Dr Xiao now concentrates on writing moral philosophy and political essays, struggling to find journals which will ignore warnings not to publish her work. Some of her earlier writings have been plagiarised by academics in government favour. These academics claim all the credit for work actually done by Dr Xiao. (N.B. IHEU has all the relevant references on this plagiarism.} She is pursuing legal battles to regain her teaching job and to assert her copyright. But this is not an easy or promising course for a Chinese dissident to pursue.

Dr Xiao is determined not to give in, but she suffers constant 'low-level' harassment and is very isolated. She is followed everywhere she goes. State security agents occupy the neighbouring flat. All mail to and from her is intercepted. She has no phone. Any friends contacting her are interrogated and persecuted and she is therefore cut off from social contact and support. Her husband died in 1982 of heart disease, which he developed while undergoing 're-education by the peasants' in the countryside during the Cultural Revolution. Her parents have been prevailed upon to denounce her.

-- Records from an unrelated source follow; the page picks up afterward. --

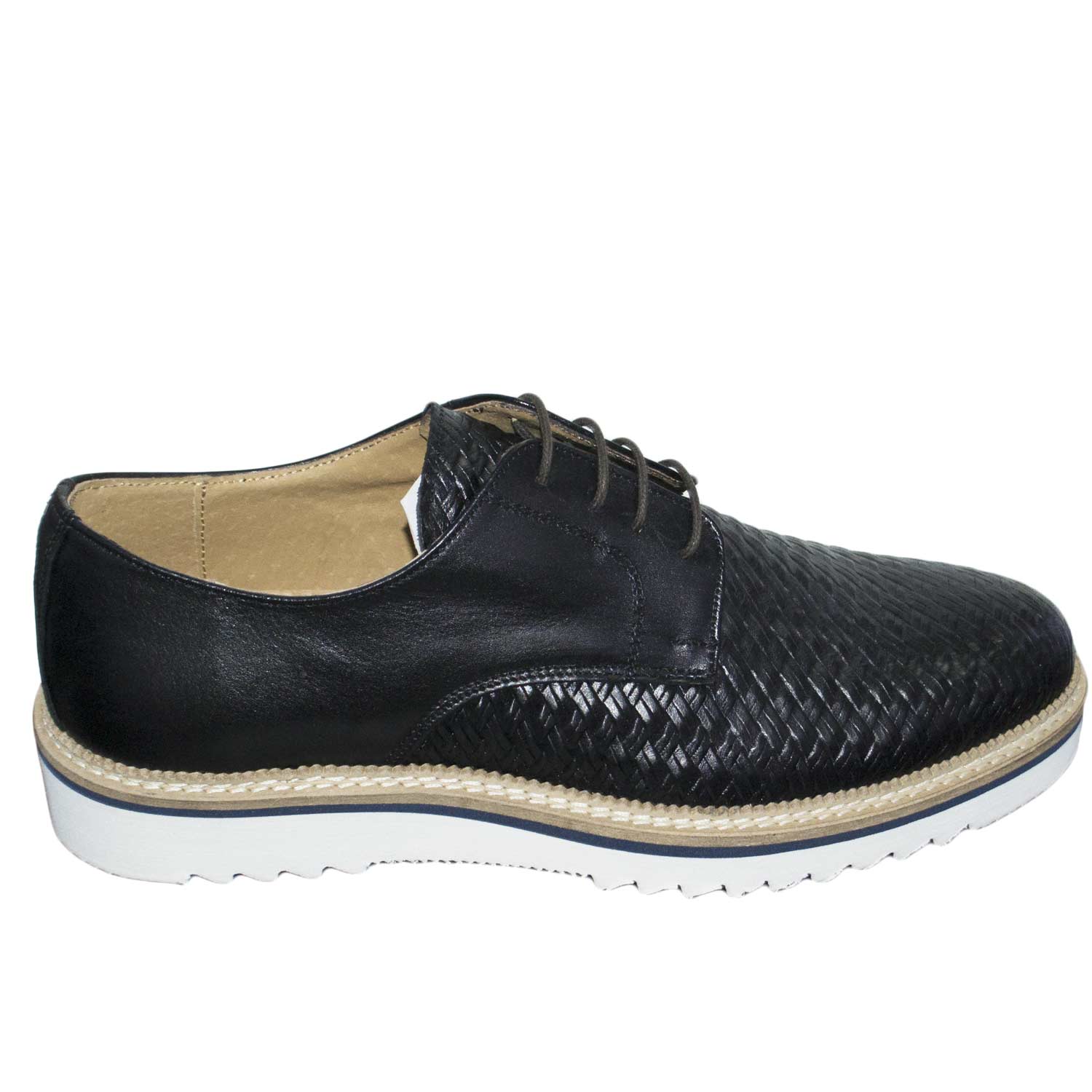 Scarpe uomo stringate art 024538 crust nero intreccio vera pelle made in italy comfort fondo ultraleggero micro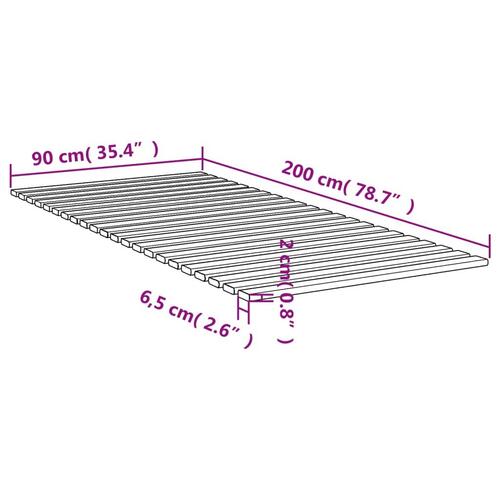 Sengelameller 90x200 cm massivt fyrretræ
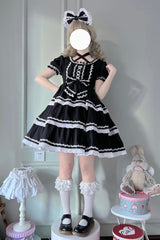 Black Triple-Layered Detachable Sleeves Bowknot Lace-Up Gothic Lolita Dress - Product - 4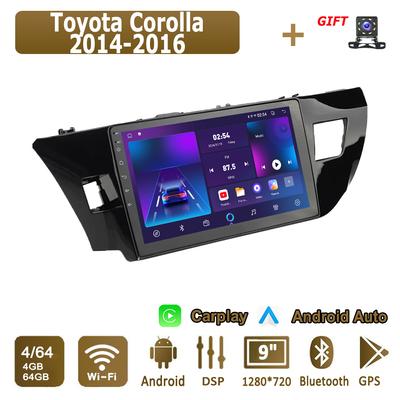 Android Carplay автомобильное радио для Toyota Corolla 2014-2016 мультимедийный проигрыватель головное устройство стерео GPS навигация BT WIFI 4+64 ГБ
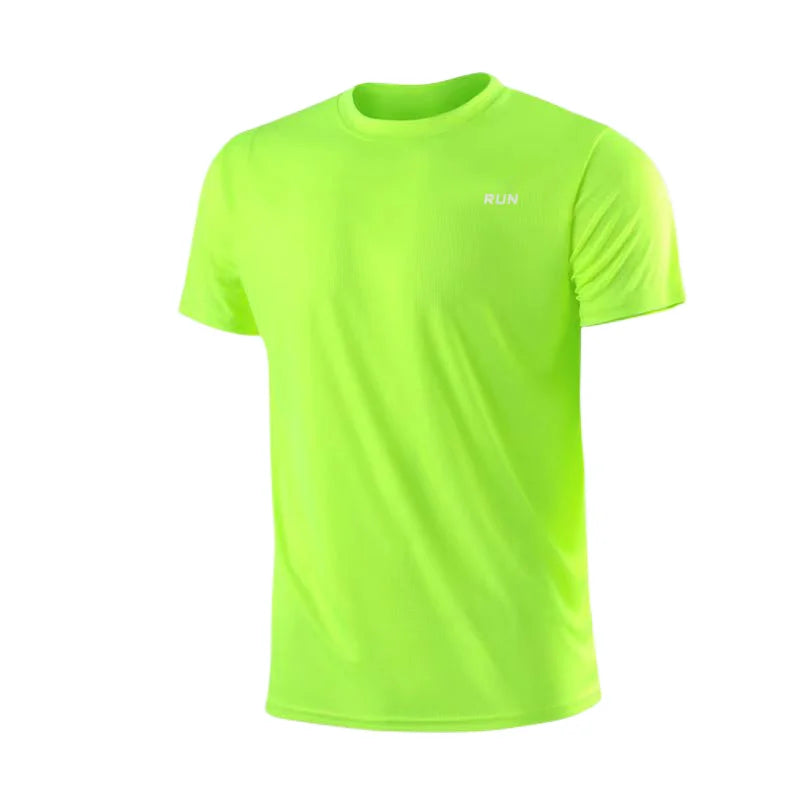 Men's Quick Dry Short Sleeve Gym Running Neck T-Shirt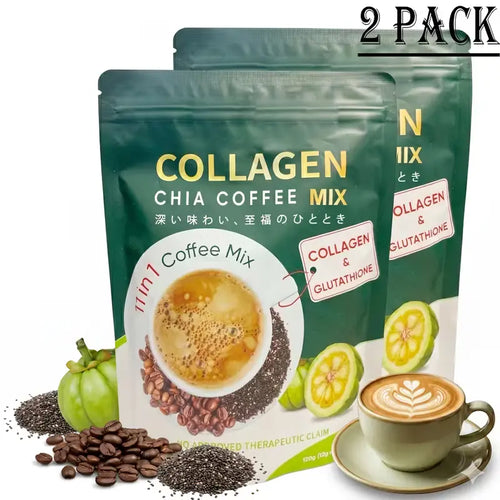 **Café Robusta 11-en-1 Sans Sucre – Café Instantané au Collagène, Graines de Chia & Baies de Goji – Mélange Riche et Onctueux – 10 ou 20 Sachets**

Xiao Xuehui's friend and former colleague Xiarong Li (now at the University of Maryland, USA) recently visited her in Chengdu. Dr Xiao told Xiarong Li: 'They would have let me rot in jail without a trial if it had not been for a letter with many signatures from Amnesty.'

International pressure remains vital in support of dissidents' challenges to the system, she said. But human rights groups abroad have difficulty getting information about Xiao Xuehui and other dissidents who live in the interior of China, thousands of miles from Beijing and Shanghai. 'If they {the authorities) do anything to me, no one would notice,' she said. Xiarong Li described Dr Xiao as vivacious -- chuckling as she recounted some of the methods of harassment she had experienced - but frailer than she used to be. Dr Xiao said her resolve was unbroken, but help from the outside world could be crucial.

 

 

RECOMMENDED ACTION

PUBLICITY and pressure from the international community can force the Chinese authorities to improve their treatment of specific individuals.

IHEU has written directly to the Mayor of Chengdu and to the Sichuan Provincial Governor, expressing its concern about Dr Xiao and pointing out that her treatment by the Chinese authorities violates her internationally recognised rights. IHEU asked that her persecution be stopped and that she be reinstated to her teaching post. We also raised the question of the contravention of Dr Xiao's copyright {the Chinese authorities have a strong self-interest in not undermining the reputation of Chinese academia}. IHEU is also asking its representatives at the UN and UNESCO to use the human rights mechanisms of these organisations to pressure the Chinese government.

Pressure from national governments is also extremely valuable. If you, or your group, are willing to help, we strongly recommend that you work to get your own government to raise Dr Xiao's case with the Chinese authorities. We suggest that you write to your minister for foreign affairs. If your government has a minister responsible for human rights, or a designated human rights minister or official within the foreign office, please also write to them. It is worthwhile sending a copy of your letter to the Chinese Embassy in your country.

We hope that you will support IHEU's campaign to pressurise the Chinese government to allow Xiao Xuehui her rights. The effort required on our part is insignificant compared to the courage and commitment shown by this lone humanist.